§ **Problem to work on**
Set down exactly the lines from the one containing "דירה, פרץ סמולנסקין, נווה מנחם, באר שבע" through the last line of the records below, both included, and nothing else.

--- Records for processing ---

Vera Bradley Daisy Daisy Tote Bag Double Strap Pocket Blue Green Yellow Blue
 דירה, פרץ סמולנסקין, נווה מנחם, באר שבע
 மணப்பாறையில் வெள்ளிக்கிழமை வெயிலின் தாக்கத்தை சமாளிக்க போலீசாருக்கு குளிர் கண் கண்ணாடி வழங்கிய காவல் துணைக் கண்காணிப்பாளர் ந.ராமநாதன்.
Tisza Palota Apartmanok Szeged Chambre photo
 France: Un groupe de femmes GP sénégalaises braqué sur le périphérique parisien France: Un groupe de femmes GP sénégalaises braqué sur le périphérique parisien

---

§ **Task response**
 דירה, פרץ סמולנסקין, נווה מנחם, באר שבע
 மணப்பாறையில் வெள்ளிக்கிழமை வெயிலின் தாக்கத்தை சமாளிக்க போலீசாருக்கு குளிர் கண் கண்ணாடி வழங்கிய காவல் துணைக் கண்காணிப்பாளர் ந.ராமநாதன்.
Tisza Palota Apartmanok Szeged Chambre photo
 France: Un groupe de femmes GP sénégalaises braqué sur le périphérique parisien France: Un groupe de femmes GP sénégalaises braqué sur le périphérique parisien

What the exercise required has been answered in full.